The company continued to make solid clinical progress in 2018 for maintenance treatment of COPD, with the nebulizer formulation achieving positive top-line data in a four-week Phase 2b placebo-controlled clinical trial in 403 patients. Reporting initial results in March, ensifentrine met the primary endpoint at all doses (P<0.001), showing a clinically meaningful and statistically significant bronchodilator effect after four weeks of dosing and encouraging performance on other measures of the disease.

Post year end, Verona reported mixed top line data from its 79-patient Phase 2a COPD trial evaluating nebulized ensifentrine treatment over three days on top of dual therapy of a long-acting muscarinic antagonist (LAMA) and a long-acting βeta2-agonist (LABA). With a challenging trial design that promoted a large response to underlying standard of care of LAMA plus LABA, ensifentrine added some further lung function improvement, but the effect for the primary endpoint was not statistically significant. The stock market took this lack of statistical significance as a negative. However, the combination of all 13 clinical studies completed to date, including this equivocal Phase 2, has prepared the way for a six-month Phase 2b study due to start in 2019 that will set the programme up for a pair of pivotal Phase 3 trials. The company is positioning ensifentrine as an add-on to first line therapy in COPD, which is generally a LAMA.

Advanced Dry Powder Inhaler (DPI) and Metered Dose Inhaler formulations of ensifentrine are also in development, with the potential to reach a substantially larger number of COPD patients than via nebulizer administration. The first DPI clinical trial in COPD patients was initiated in December 2018; initial results expected in the first quarter of 2019. The company calculates the market for nebulised therapy on top of LAMA alone or dual LAMA/LABA to be 280,000 patients in the USA; the DPI/MDI inhaler market in moderate-to-severe COPD is 1.72million people in the US.

In March 2018 Verona also released positive top-line data from a small, ten patient Phase 2a clinical trial in Cystic Fibrosis (CF). Development in CF will build upon the upcoming COPD Phase 2b.


  • Positive Phase 1 LOXL2 data
  • Initiated Phase 1 LOX-oral (cancer) trial

Pharmaxis is a research and development company working on new therapies to treat inflammatory and fibrotic diseases such as NASH, pulmonary fibrosis, kidney and liver fibrosis, inflammatory bowel diseases and cancer.

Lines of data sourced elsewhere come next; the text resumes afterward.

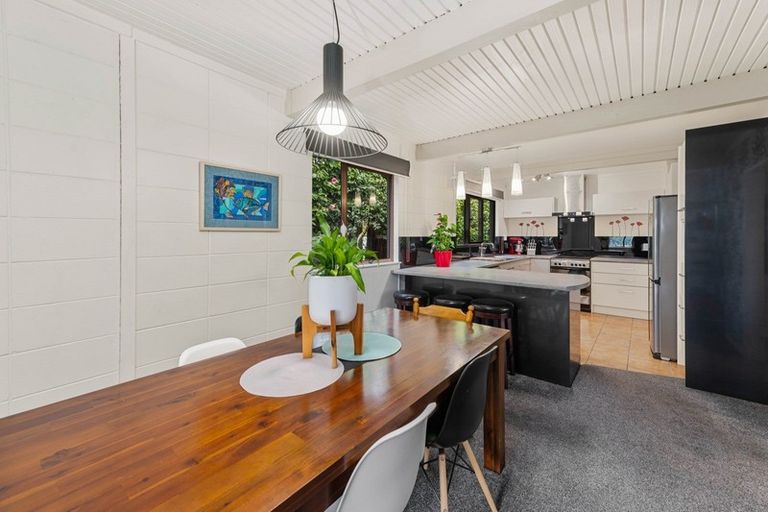 Photo of property in 6 Mark Place, Lynmore, Rotorua, 3010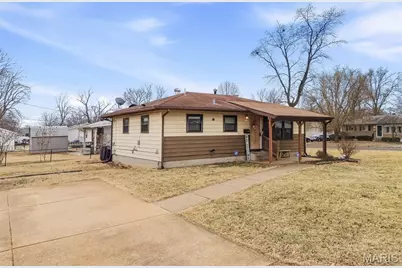 1760 Fernbrook Ln, Florissant, MO 63031 - Photo 2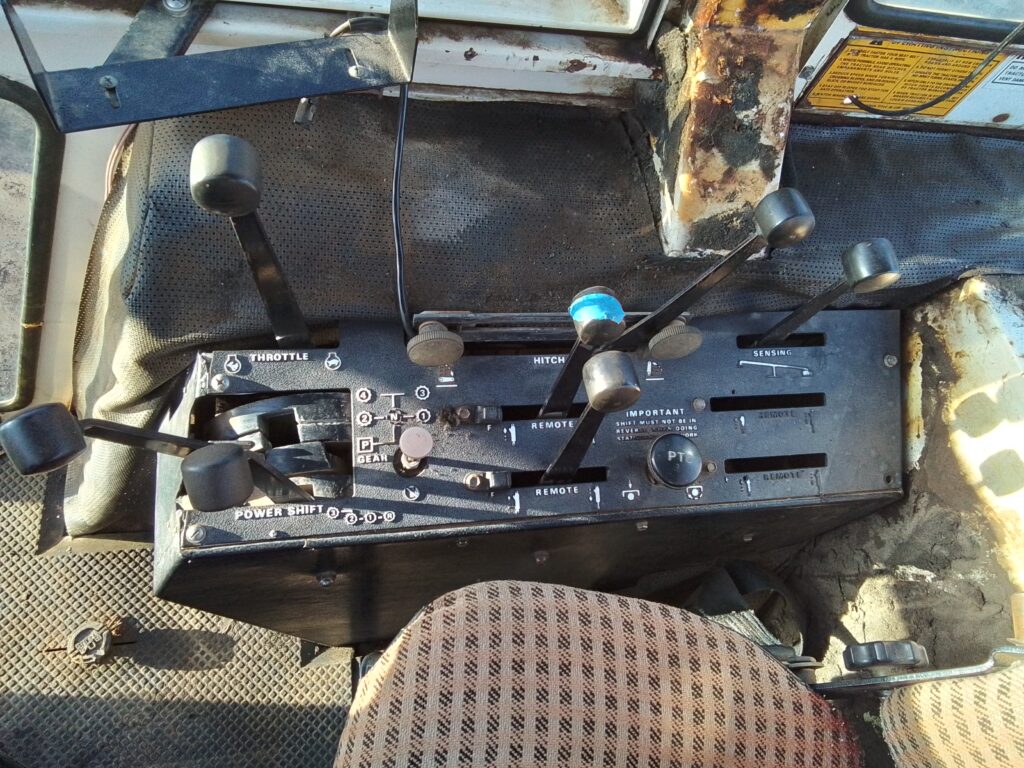 Case Agri-King 2090 Tractor - photo 10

In 2018 Pharmaxis consolidated its position as a significant competitor in the NASH market as the Company's LOXL2 inhibitor completed phase 1 studies, demonstrating a best in class profile for two compounds. Positive Phase 1 clinical trial results were reported on both compounds, confirming long lasting inhibition of the target LOXL2 enzyme. In January 2019 Pharmaxis announced that, following completion of 13 week toxicity studies, the programme was ready to enter phase 2 clinical studies for diseases such as NASH, IPF and cardiac fibrosis.

In addition, Pharmaxis announced the dosing of the first patient in Boehringer Ingelheim's Phase 2a clinical trial in patients with diabetic retinopathy (DR), triggering a €10 million (~A$15million) milestone payment to Pharmaxis. DR is the second disease to be targeted with the drug known as BI 1467335 which was discovered by Pharmaxis.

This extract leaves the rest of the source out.